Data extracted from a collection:

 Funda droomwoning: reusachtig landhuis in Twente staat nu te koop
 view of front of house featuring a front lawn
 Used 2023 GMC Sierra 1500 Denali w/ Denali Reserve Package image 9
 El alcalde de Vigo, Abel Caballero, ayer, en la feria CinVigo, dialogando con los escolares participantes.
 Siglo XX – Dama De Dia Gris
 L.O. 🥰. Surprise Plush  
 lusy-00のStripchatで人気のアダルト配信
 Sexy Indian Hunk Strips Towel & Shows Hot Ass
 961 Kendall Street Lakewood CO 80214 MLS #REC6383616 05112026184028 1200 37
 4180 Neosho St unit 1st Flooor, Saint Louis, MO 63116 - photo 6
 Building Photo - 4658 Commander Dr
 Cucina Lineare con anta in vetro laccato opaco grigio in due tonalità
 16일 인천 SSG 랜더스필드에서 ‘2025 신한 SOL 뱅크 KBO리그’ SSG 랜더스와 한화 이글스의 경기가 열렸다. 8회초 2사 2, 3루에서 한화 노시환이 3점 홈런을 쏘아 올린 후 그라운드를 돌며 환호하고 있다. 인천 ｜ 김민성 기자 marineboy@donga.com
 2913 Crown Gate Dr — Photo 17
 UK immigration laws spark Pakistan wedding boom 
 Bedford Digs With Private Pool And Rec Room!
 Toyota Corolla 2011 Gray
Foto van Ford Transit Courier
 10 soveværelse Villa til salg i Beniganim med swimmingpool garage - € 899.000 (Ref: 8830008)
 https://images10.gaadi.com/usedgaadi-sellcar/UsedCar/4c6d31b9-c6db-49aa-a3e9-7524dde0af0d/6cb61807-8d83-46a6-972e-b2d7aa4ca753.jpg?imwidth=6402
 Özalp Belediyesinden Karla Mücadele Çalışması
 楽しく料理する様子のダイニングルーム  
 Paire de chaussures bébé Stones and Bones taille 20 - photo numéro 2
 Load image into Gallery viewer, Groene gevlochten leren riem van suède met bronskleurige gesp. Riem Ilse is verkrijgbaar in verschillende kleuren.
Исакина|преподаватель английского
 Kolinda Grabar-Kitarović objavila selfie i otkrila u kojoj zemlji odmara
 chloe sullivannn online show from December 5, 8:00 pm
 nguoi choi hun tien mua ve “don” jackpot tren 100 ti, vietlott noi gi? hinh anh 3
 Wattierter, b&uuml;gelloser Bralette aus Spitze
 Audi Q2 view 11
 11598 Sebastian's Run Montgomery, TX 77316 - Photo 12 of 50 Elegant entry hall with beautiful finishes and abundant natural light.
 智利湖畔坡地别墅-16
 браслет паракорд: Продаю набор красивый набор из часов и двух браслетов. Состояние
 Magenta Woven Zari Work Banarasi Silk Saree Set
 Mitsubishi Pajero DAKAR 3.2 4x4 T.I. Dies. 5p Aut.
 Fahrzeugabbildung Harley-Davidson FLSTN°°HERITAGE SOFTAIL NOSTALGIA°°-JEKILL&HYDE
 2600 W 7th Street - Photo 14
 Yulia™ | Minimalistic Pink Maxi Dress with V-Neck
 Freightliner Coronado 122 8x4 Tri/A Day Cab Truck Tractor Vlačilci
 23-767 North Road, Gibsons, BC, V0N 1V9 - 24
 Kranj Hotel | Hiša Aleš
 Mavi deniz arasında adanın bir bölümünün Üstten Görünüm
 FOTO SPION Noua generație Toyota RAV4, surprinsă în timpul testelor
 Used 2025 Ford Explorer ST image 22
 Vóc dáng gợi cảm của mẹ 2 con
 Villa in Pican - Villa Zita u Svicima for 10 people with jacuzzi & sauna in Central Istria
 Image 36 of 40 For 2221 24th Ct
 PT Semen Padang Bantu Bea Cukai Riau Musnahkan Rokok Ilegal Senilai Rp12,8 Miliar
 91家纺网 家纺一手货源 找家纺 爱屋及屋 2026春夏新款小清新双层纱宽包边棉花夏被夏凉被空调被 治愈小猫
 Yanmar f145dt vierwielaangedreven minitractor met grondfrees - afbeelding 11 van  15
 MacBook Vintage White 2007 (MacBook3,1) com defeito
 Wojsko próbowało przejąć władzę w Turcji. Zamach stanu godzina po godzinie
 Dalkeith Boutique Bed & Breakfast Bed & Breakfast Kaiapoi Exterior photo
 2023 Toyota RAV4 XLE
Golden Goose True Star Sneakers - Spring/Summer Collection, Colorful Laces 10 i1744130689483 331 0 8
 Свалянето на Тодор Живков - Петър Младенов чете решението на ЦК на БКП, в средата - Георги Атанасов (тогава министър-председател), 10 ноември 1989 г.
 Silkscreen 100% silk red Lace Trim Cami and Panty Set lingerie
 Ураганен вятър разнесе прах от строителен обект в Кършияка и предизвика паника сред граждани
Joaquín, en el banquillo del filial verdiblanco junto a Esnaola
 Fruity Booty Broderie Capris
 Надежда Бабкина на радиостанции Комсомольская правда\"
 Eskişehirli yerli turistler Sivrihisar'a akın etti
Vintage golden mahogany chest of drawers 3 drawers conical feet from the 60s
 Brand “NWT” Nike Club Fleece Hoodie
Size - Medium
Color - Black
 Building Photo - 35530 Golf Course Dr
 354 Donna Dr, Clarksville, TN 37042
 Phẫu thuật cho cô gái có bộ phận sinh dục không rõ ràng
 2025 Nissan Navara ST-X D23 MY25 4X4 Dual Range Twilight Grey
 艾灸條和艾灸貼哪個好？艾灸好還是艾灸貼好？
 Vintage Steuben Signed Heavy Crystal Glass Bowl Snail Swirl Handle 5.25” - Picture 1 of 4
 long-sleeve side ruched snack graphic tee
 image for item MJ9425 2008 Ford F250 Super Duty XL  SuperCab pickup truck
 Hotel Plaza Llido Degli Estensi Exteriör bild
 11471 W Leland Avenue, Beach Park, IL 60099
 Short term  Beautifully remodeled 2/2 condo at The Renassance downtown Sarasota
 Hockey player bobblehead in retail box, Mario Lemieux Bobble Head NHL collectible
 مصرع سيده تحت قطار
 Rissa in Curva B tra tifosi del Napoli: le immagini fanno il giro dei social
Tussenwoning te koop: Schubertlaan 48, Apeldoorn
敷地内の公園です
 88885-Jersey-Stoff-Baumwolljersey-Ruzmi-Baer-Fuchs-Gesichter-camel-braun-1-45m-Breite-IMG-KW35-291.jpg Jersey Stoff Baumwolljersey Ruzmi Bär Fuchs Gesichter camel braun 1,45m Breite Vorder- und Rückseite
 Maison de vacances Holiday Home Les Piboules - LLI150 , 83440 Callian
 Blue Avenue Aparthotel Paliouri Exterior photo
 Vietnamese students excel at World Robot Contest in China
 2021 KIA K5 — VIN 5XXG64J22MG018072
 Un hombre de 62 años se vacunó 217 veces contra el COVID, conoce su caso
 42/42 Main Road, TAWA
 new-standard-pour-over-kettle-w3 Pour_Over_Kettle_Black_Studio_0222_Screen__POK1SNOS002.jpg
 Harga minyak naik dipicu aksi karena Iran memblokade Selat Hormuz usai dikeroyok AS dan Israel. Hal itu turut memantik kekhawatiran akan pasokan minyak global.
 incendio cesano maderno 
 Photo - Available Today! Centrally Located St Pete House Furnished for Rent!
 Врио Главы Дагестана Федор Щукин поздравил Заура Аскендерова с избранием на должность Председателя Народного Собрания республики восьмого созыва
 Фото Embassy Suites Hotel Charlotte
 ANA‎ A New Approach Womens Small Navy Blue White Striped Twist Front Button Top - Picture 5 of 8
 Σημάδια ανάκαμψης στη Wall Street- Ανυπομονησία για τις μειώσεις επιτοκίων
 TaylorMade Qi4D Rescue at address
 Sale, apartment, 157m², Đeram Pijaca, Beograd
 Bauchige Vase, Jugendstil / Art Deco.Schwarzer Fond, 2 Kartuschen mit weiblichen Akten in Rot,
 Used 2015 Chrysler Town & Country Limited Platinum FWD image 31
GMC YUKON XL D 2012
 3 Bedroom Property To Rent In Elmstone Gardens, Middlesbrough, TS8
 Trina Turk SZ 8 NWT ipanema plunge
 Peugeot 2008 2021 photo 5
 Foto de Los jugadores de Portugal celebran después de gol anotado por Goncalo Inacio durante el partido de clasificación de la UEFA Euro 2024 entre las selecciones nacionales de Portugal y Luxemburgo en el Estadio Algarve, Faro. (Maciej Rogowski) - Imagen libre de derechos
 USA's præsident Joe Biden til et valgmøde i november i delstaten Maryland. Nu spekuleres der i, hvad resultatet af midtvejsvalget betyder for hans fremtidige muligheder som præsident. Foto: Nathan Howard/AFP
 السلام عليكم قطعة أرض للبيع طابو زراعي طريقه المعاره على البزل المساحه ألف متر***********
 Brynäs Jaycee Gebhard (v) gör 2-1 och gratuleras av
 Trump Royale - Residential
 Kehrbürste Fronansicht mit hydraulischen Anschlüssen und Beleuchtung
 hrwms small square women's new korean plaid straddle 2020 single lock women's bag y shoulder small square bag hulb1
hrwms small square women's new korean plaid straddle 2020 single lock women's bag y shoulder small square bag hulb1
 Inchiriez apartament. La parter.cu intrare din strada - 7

**Exercise requirements:**
Copy the lines above exactly. Start with the line containing "UK immigration laws", end with the line containing "智利湖畔坡地别墅-16", and include both.

**Answer to this exercise:**
 UK immigration laws spark Pakistan wedding boom 
 Bedford Digs With Private Pool And Rec Room!
 Toyota Corolla 2011 Gray
Foto van Ford Transit Courier
 10 soveværelse Villa til salg i Beniganim med swimmingpool garage - € 899.000 (Ref: 8830008)
 https://images10.gaadi.com/usedgaadi-sellcar/UsedCar/4c6d31b9-c6db-49aa-a3e9-7524dde0af0d/6cb61807-8d83-46a6-972e-b2d7aa4ca753.jpg?imwidth=6402
 Özalp Belediyesinden Karla Mücadele Çalışması
 楽しく料理する様子のダイニングルーム  
 Paire de chaussures bébé Stones and Bones taille 20 - photo numéro 2
 Load image into Gallery viewer, Groene gevlochten leren riem van suède met bronskleurige gesp. Riem Ilse is verkrijgbaar in verschillende kleuren.
Исакина|преподаватель английского
 Kolinda Grabar-Kitarović objavila selfie i otkrila u kojoj zemlji odmara
 chloe sullivannn online show from December 5, 8:00 pm
 nguoi choi hun tien mua ve “don” jackpot tren 100 ti, vietlott noi gi? hinh anh 3
 Wattierter, b&uuml;gelloser Bralette aus Spitze
 Audi Q2 view 11
 11598 Sebastian's Run Montgomery, TX 77316 - Photo 12 of 50 Elegant entry hall with beautiful finishes and abundant natural light.
 智利湖畔坡地别墅-16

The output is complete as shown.